SOURCE MATERIAL START
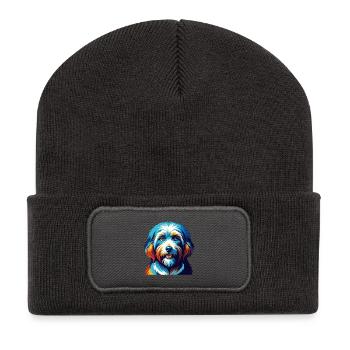 Coton De Tulear Chien Race Coloré Dessin Animé Kawaii - Beanie recyclé à patch - charbon - Devant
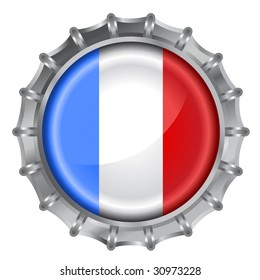 Vector illustration of bottle cap decorated with the flags of France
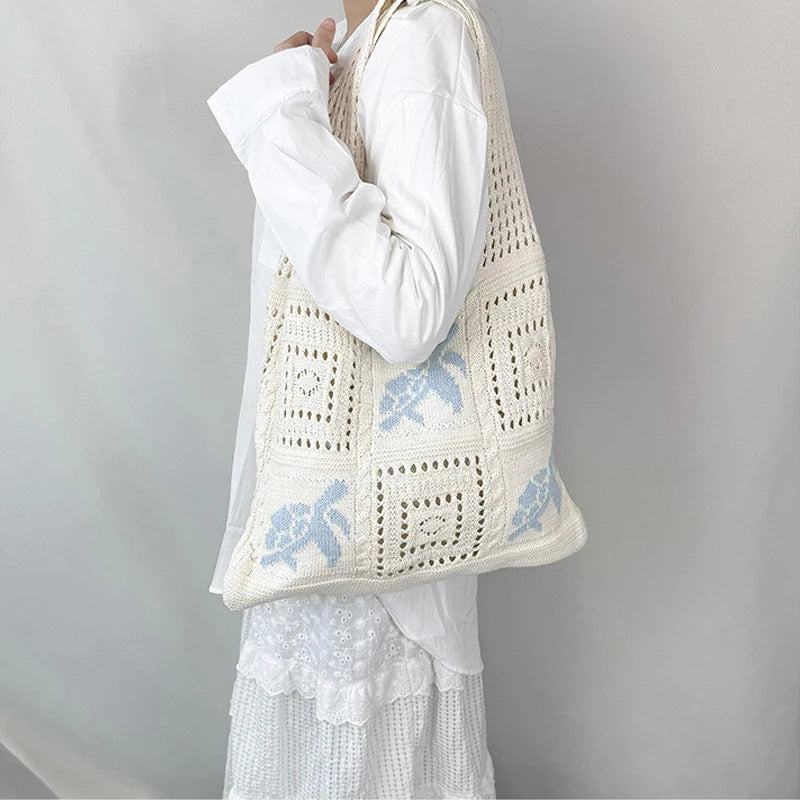 Knit Star Crochet Shoulder Bag – Hollow Beach Tote
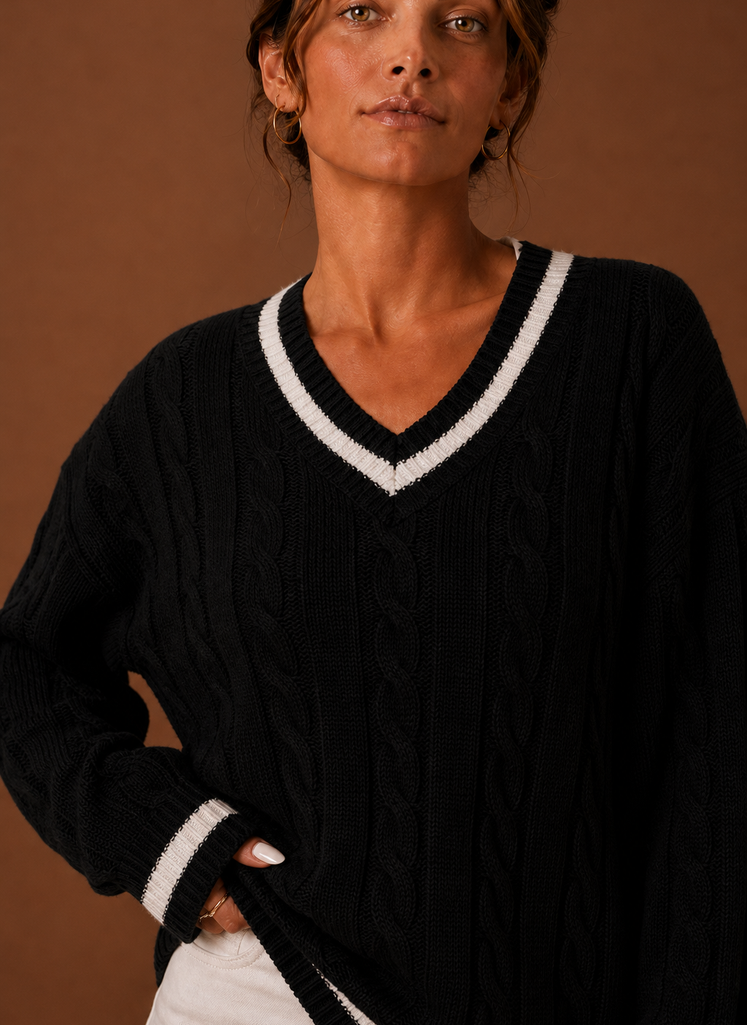 Women's Cable Knit Sweater V-Neck Long Sleeve Pullover Striped Trim Casual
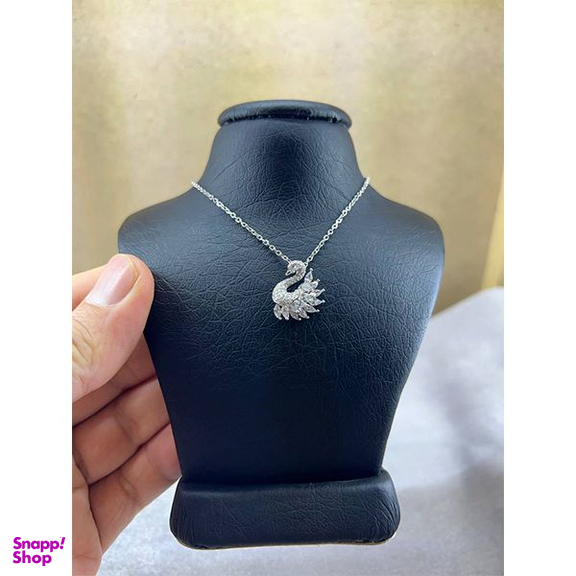 گردنبند نقره زنانه سواروسکی مدل قو تمام سنگ جواهری کد 989845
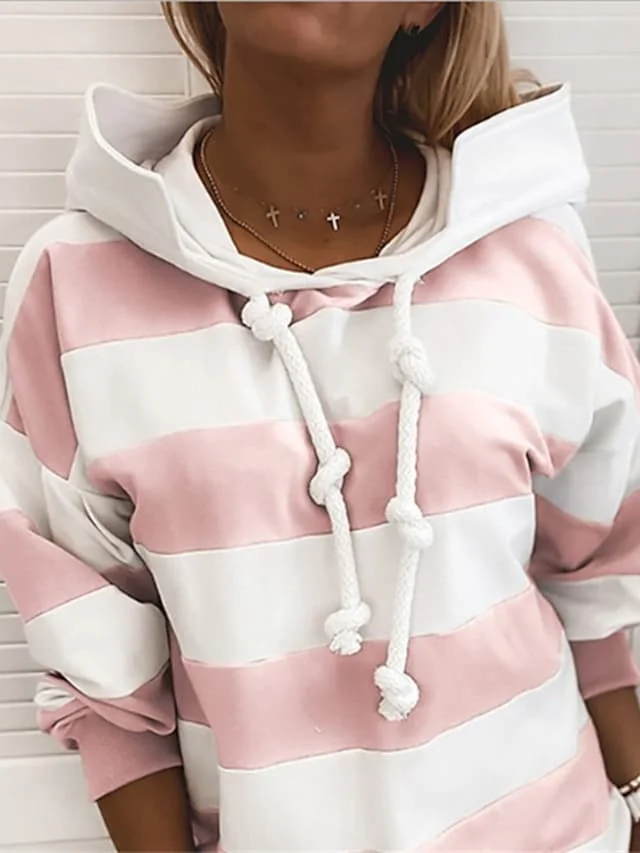 Women's Hoodie Striped Colorblock Daily Loose Sweatshirts Pullover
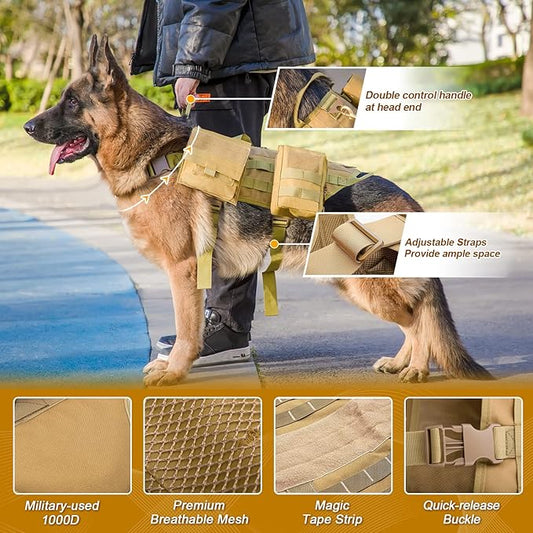 AIWAI Tactical Dog Harness with Pouches,Dog Vest Harness for Large Medium Dogs No-Pull Adjustable Military Dog Harness with Handle Walking Hiking Training (Camouflage, XL)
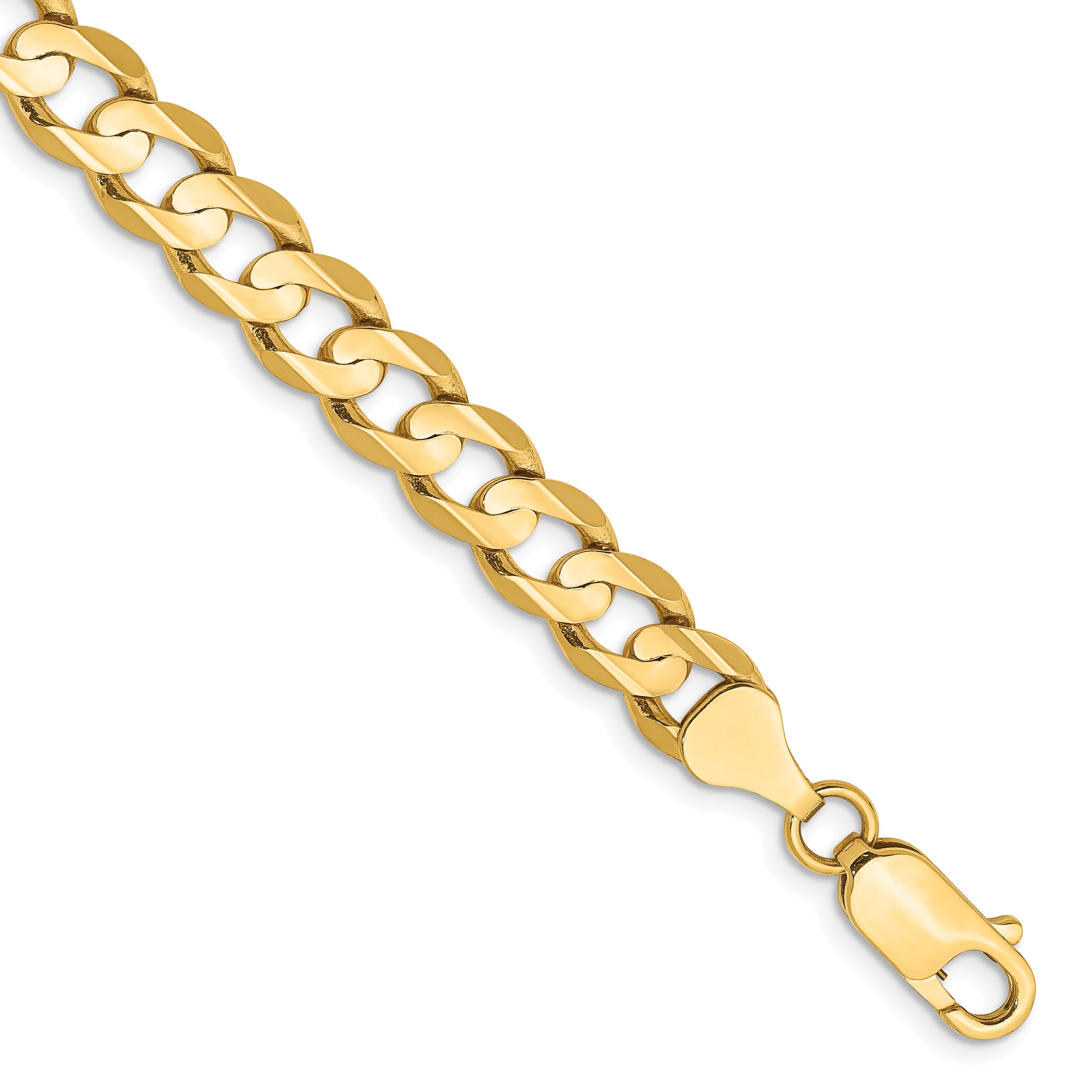 9 Inch 14K Yellow Gold 6.75mm Open Concave Curb Chain Bracelet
SOURCE MATERIAL END
-- WORK REQUIRED --
Reproduce each entry exactly, without the pictures.

-- OUTPUT OF THE TASK --
 Coton De Tulear Chien Race Coloré Dessin Animé Kawaii - Beanie recyclé à patch - charbon - Devant
 Vector illustration of bottle cap decorated with the flags of France
 Knit Star Crochet Shoulder Bag – Hollow Beach Tote
 Women's Cable Knit Sweater V-Neck Long Sleeve Pullover Striped Trim Casual
 گردنبند نقره زنانه سواروسکی مدل قو تمام سنگ جواهری کد 989845
 Women's Hoodie Striped Colorblock Daily Loose Sweatshirts Pullover
 AIWAI Tactical Dog Harness with Pouches,Dog Vest Harness for Large Medium Dogs No-Pull Adjustable Military Dog Harness with Handle Walking Hiking Training (Camouflage, XL)
 9 Inch 14K Yellow Gold 6.75mm Open Concave Curb Chain Bracelet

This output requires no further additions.